For those who have not read my blog since it inception so many long months ago, (almost 3 for those keeping track) let me refresh your memory about a few things. I've compared crafting a novel to raising children, read here. and to poker, read here. Unlike the majority of my posts I actually kind of proud of these analogies so check them out if you haven't already.

That brings me to my current post. Being a prepublished, or as Reid suggested in the comments yesterday, a prepaid writer feels just like being back in Junior High. All serious writers share the same goal -- Publication. All teenage boy share the same goal - to score their first action. Hey I 'm trying to keep this blog relatively clean, otherwise I'd have used a different less cliched description for the desires of a pre-experienced boy. (that's my new softer term for a virgin) Oh, so you didn't think virgin was a harsh word. See what happens to any teenage boy who admits to being one in the locker room after football practice.

Boys gather in groups to talk about girls and brag about what they would like to do to whom. Writers do this same thing via critique groups and online writing communities. Some even go so far as to tout experiences they've never actually had.

And trust me the first time I sat down and pitched my novel to an agent my hands were sweaty, my voice was quaky, and I rambled on in coherently about pretty much nothing.Not a bit different than what happened the first time I asked a girl out.

Over time we as hungry writers score a few victories. A contest win here, a request for a full there, maybe even a short story publication or two, but that main prize, our name on the spine of a novel still eludes us. I have a few comparisons I could use to relate the minor victories a horny teenager might encounter, but I think I'll leave them to y'alls imaginations.

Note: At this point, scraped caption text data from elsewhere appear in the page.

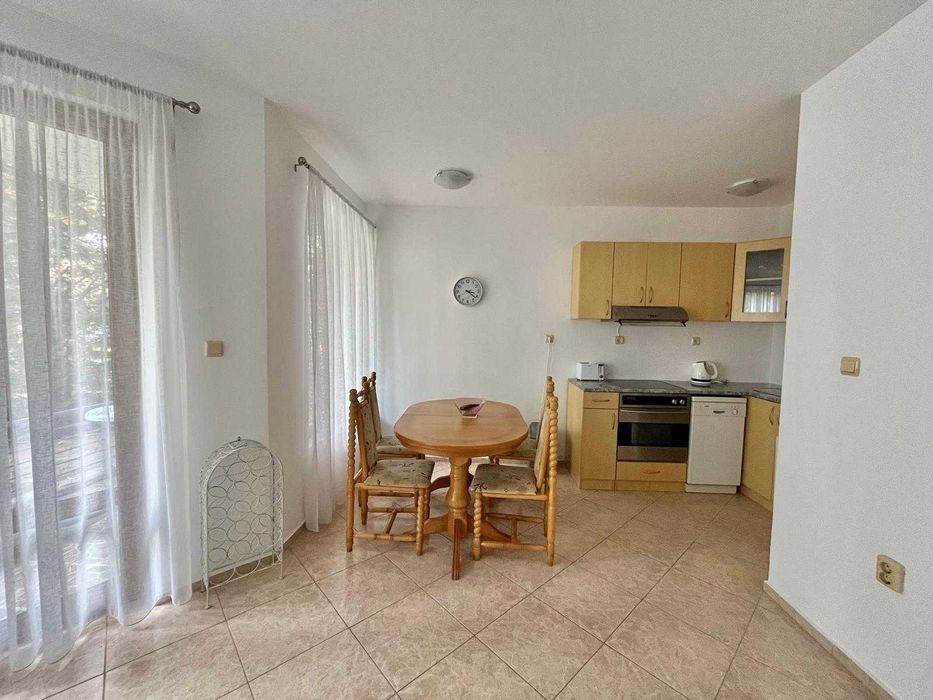 Предлагаме тристаен апартамент в Несебър!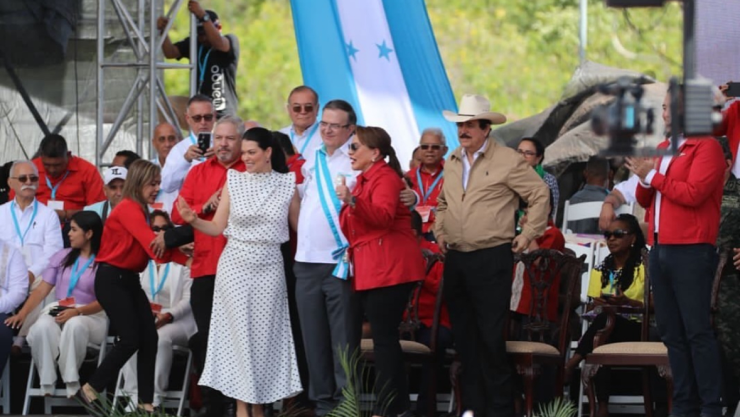 ¿por qué Ebrard podría perder la nacionalidad?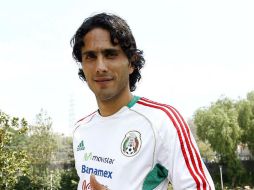 El seleccionado nacional, Aldo de Nigris, sufrió una lesión en su rodilla derecha entrenando con el Tri durante la Copa Confederaciones ARCHIVO /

Okay you pervs, quit daydreaming about days gone by and refocus on this blog.

At this point I've asked out a lot of girls . I mean agents and even a couple of editors. I have a few wink and say ooh I like the way you said that. I've won contests, had fulls requested. To be frank, I feel as confidant as a groom on his wedding night. Not only do I feel certain that my latest novel will find home but I also strongly believe that something will happen soon. All I need to hear is that other I Do.

But dang it, the ceremony is taking forever. I've had sweet nothings whispered in my ear but none have committed whole heart and now that little voice in the back of my head is whispering evil thoughts. This good, but not that good. Don't get your hopes up. Who's going to buy the idea that big, hairy bastard like you is even capable of writing women's fiction?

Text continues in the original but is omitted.